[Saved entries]
▬▬▬
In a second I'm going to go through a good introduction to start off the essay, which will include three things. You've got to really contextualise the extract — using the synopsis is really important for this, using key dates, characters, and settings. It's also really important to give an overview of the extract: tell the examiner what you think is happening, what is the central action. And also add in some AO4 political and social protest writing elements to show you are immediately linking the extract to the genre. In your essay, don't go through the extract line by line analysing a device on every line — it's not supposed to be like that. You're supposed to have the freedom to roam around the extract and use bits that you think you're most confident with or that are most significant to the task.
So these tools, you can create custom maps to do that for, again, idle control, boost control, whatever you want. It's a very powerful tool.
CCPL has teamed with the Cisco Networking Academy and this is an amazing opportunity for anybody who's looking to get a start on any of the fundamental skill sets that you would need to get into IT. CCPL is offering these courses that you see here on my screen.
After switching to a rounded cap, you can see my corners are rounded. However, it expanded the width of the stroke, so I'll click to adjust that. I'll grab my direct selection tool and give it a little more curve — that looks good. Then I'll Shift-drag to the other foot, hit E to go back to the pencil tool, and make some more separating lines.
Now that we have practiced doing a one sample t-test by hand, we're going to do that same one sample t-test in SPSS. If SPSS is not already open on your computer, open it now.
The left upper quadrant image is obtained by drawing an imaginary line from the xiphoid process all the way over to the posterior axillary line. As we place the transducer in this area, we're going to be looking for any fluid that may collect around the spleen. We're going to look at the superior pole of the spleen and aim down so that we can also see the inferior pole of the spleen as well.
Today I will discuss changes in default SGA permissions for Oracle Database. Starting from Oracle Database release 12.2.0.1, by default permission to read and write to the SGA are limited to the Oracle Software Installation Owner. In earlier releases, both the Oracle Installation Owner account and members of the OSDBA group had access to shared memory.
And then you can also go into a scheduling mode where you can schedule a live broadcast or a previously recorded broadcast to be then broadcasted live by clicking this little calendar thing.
▬▬▬
▶ _About this task_
Using the same words as the original, repeat the records above.

▶ _Finished task_
In a second I'm going to go through a good introduction to start off the essay, which will include three things. You've got to really contextualise the extract — using the synopsis is really important for this, using key dates, characters, and settings. It's also really important to give an overview of the extract: tell the examiner what you think is happening, what is the central action. And also add in some AO4 political and social protest writing elements to show you are immediately linking the extract to the genre. In your essay, don't go through the extract line by line analysing a device on every line — it's not supposed to be like that. You're supposed to have the freedom to roam around the extract and use bits that you think you're most confident with or that are most significant to the task.
So these tools, you can create custom maps to do that for, again, idle control, boost control, whatever you want. It's a very powerful tool.
CCPL has teamed with the Cisco Networking Academy and this is an amazing opportunity for anybody who's looking to get a start on any of the fundamental skill sets that you would need to get into IT. CCPL is offering these courses that you see here on my screen.
After switching to a rounded cap, you can see my corners are rounded. However, it expanded the width of the stroke, so I'll click to adjust that. I'll grab my direct selection tool and give it a little more curve — that looks good. Then I'll Shift-drag to the other foot, hit E to go back to the pencil tool, and make some more separating lines.
Now that we have practiced doing a one sample t-test by hand, we're going to do that same one sample t-test in SPSS. If SPSS is not already open on your computer, open it now.
The left upper quadrant image is obtained by drawing an imaginary line from the xiphoid process all the way over to the posterior axillary line. As we place the transducer in this area, we're going to be looking for any fluid that may collect around the spleen. We're going to look at the superior pole of the spleen and aim down so that we can also see the inferior pole of the spleen as well.
Today I will discuss changes in default SGA permissions for Oracle Database. Starting from Oracle Database release 12.2.0.1, by default permission to read and write to the SGA are limited to the Oracle Software Installation Owner. In earlier releases, both the Oracle Installation Owner account and members of the OSDBA group had access to shared memory.
And then you can also go into a scheduling mode where you can schedule a live broadcast or a previously recorded broadcast to be then broadcasted live by clicking this little calendar thing.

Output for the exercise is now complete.